EXERCISE: Output the data below exactly, images excluded.

RECORDED DATA:
<<<<

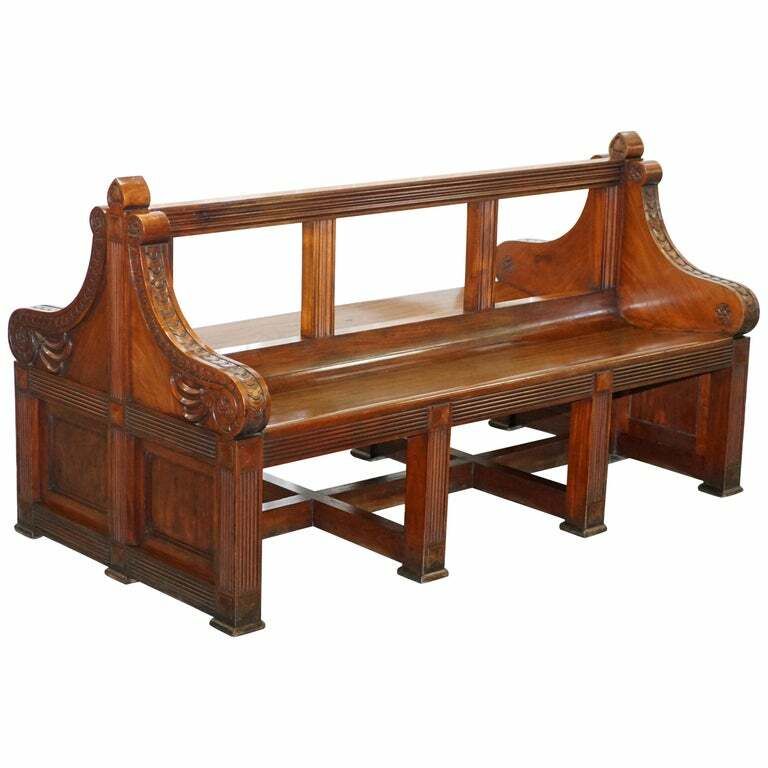 Rare Victorian Walnut Double Sided Museum Gallery Pew Bench Pugin Gothic Steeple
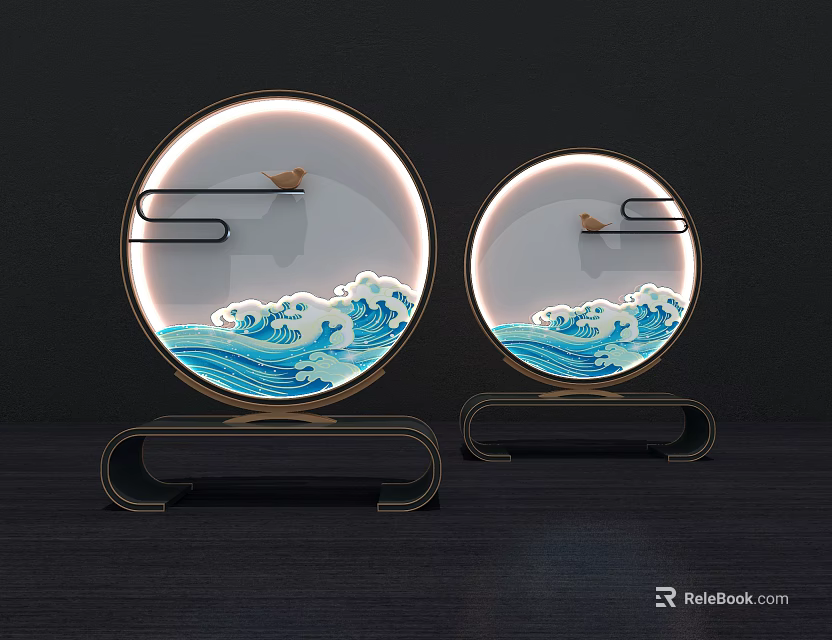 Chinese Style Round Table Lamps With Wave Pattern Flying Bird Decor And LED Light Halo 3d model 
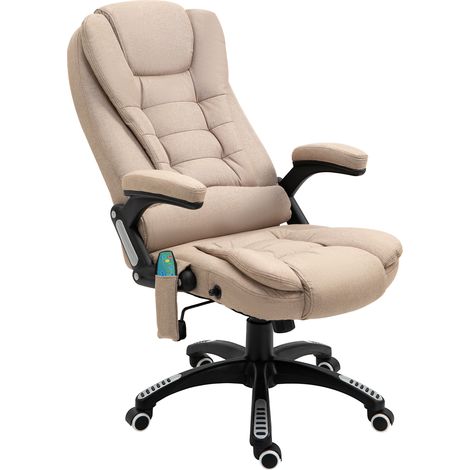 Poltrona ufficio massaggiante ergonomica con riscaldamento, reclinabile, marrone (1/4)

>>>>

EXERCISE SOLUTION:
 Rare Victorian Walnut Double Sided Museum Gallery Pew Bench Pugin Gothic Steeple
 Chinese Style Round Table Lamps With Wave Pattern Flying Bird Decor And LED Light Halo 3d model 
 Poltrona ufficio massaggiante ergonomica con riscaldamento, reclinabile, marrone (1/4)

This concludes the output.